Why Dayton Moore believed it was important that Alex Gordon stayed in Royal blue

Royals Baseball

After 14 seasons, Alex Gordon will retire a Kansas City Royal.

Dayton Moore was in the Atlanta Braves' front office when he saw a young Alex Gordon turning heads in the Arizona Fall League in 2005.

Moore didn't know it at the time, but he was watching a player who would later help the future Royals general manager build a World Series winner.

Moore added some pieces to the puzzle — the Lorenzo Cains, the Eric Hosmers, the Mike Moustakases, the Wade Davises.

But the foundation started with Gordon, who announced his retirement from baseball on Thursday after 14 major-league seasons.

"Alex is truly what baseball is about," Moore said Thursday. "It's one day at a time and he never got too far ahead of himself. It was easier for him, I believe, to commit to one organization his entire career."

Gordon had a couple of opportunities to leave Kansas City and play elsewhere. He was in his prime when the Royals won the World Series in 2015. Kansas City rewarded him with a four-year, $72 million contract in 2016.

Gordon was a free agent last offseason, and the idea of him in another uniform was hard to envision for Royal and Husker fans. The Royals brought him back for a one-year deal.

Moore said the Royals wanted to make sure Gordon ended his career with their franchise, which is just three hours away from Gordon's native home.

"That was really important," Moore said. "It's important for our fans, it's important for the history of the franchise, and we believe it's important for Alex, as well."

Moore was later asked to expand on making it a priority to keep Gordon in Kansas City during an era when free agency rules and cutting ties with players is as common as launch angles. Even if Gordon had played one year in another uniform, he'd always be a Royal. 

Moore, who got emotional during his opening remarks about Gordon on Thursday, wanted Gordon to stay in Royal blue.

Gordon's commitment to baseball and Kansas City was unmatched, and Moore wanted to match that commitment.

"The history of our franchise is really important," he said. "We celebrate that, we've embraced it from Day 1 and Alex Gordon is a special part of that history. We've always told our players, when you look at the way the young fans look at this game, celebrate Alex Gordon, what he means to this game, what he means to just the history of our game, the example that he sets, the behavior that he models, and to do it in one place for one city is special and will always be remembered."

Gordon is stepping away from the game during an unusual time.

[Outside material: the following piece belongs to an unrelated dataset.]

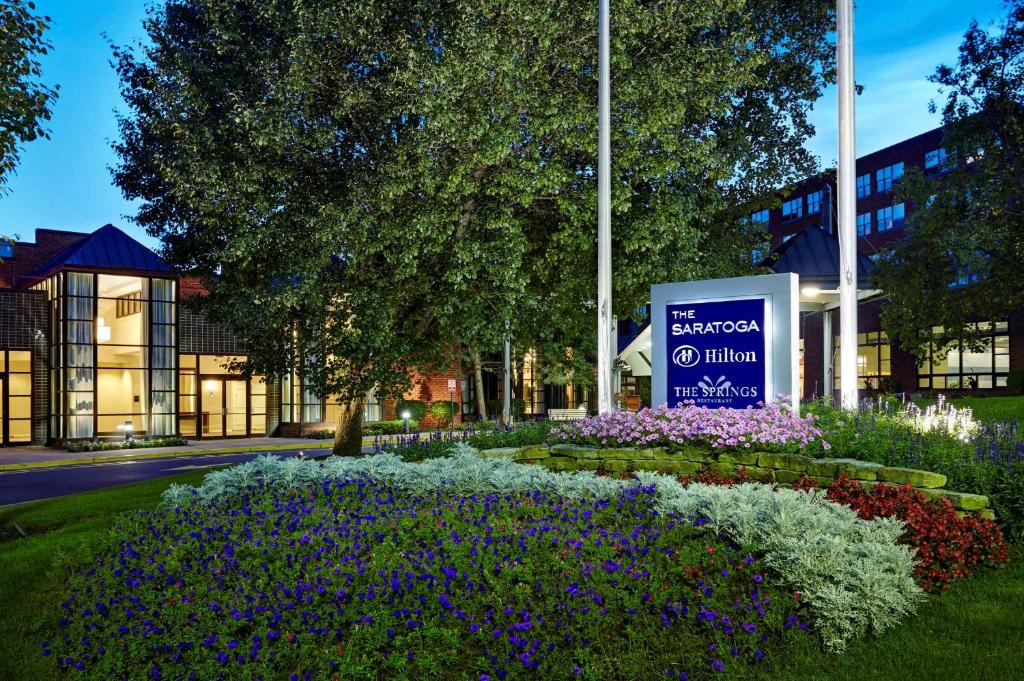 a sign in front of a building with flowers at The Saratoga Hilton in Saratoga Springs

Baseball teams are wrapping up 60-game seasons and are playing in empty stadiums. Kauffman Stadium will not have fans when Gordon takes the field for the final time this weekend.

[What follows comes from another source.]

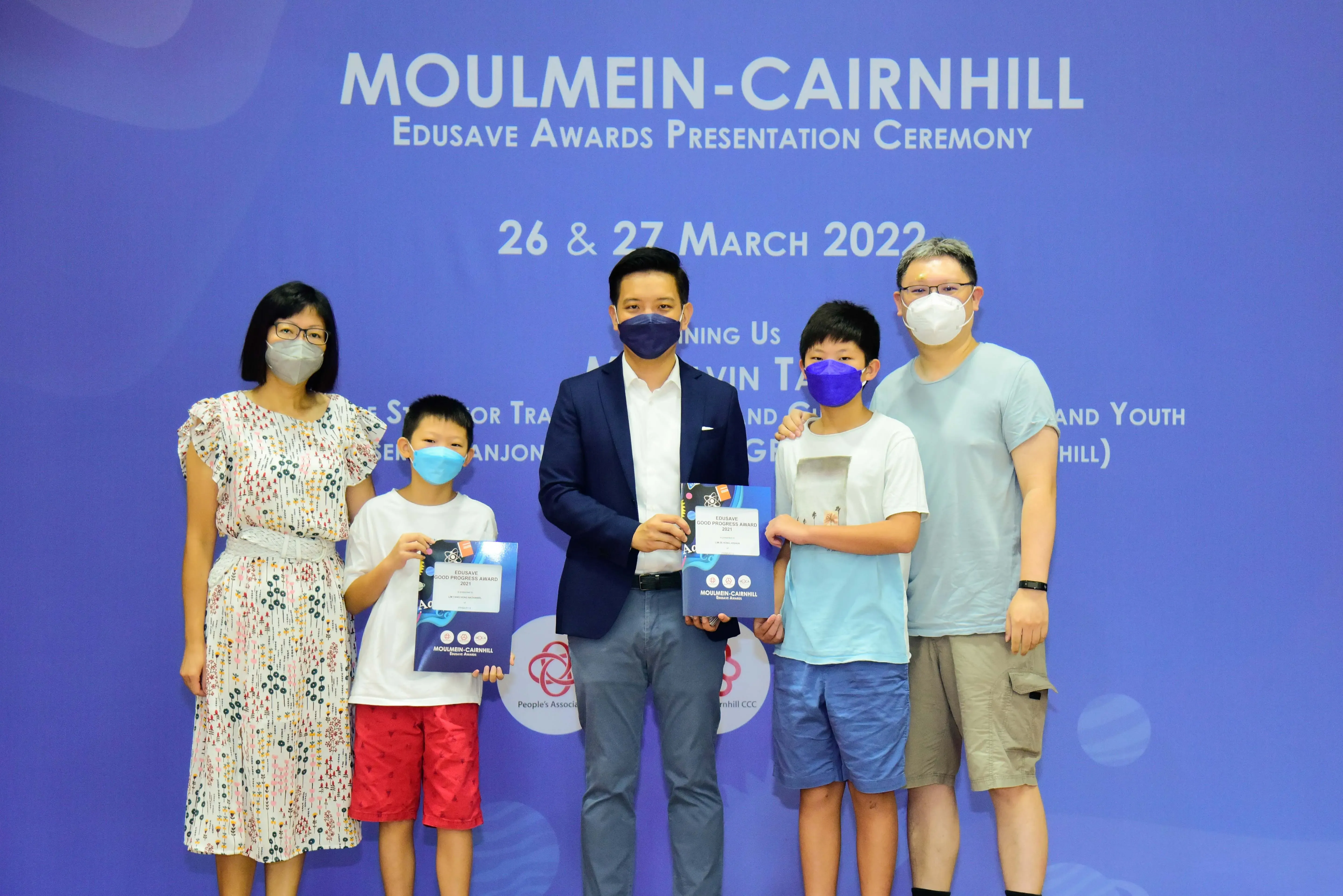 Five masked people pose at the Moulmein-Cairnhill Edusave Awards Ceremony; two children hold award folders.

But Moore said that won't stop the franchise from properly honoring Gordon.

"There will definitely be an Alex Gordon Day at the ballpark," he said. "He's a Royals Hall of Famer, he's forever part of this history. We'll celebrate that."

Gordon seems to be enjoying retirement already. When asked what pose he'd prefer for a likely statue at Kauffman Stadium, Gordon smiled, and poked fun at his encounters with the left-field wall.

"Even though I know what you guys want it to be (his pose rounding first base after a game-tying homer against the New York Mets in the World Series), I think that would be kind of funny, just having me lay on the ground knocked out or something after hitting the wall," he said.

Statue or not, Gordon's imprint on Royals baseball is permanent and forever in blue.

"Commitment and loyalty are foundational to what we desire to see and honor in people, and Alex Gordon lived that," Moore said.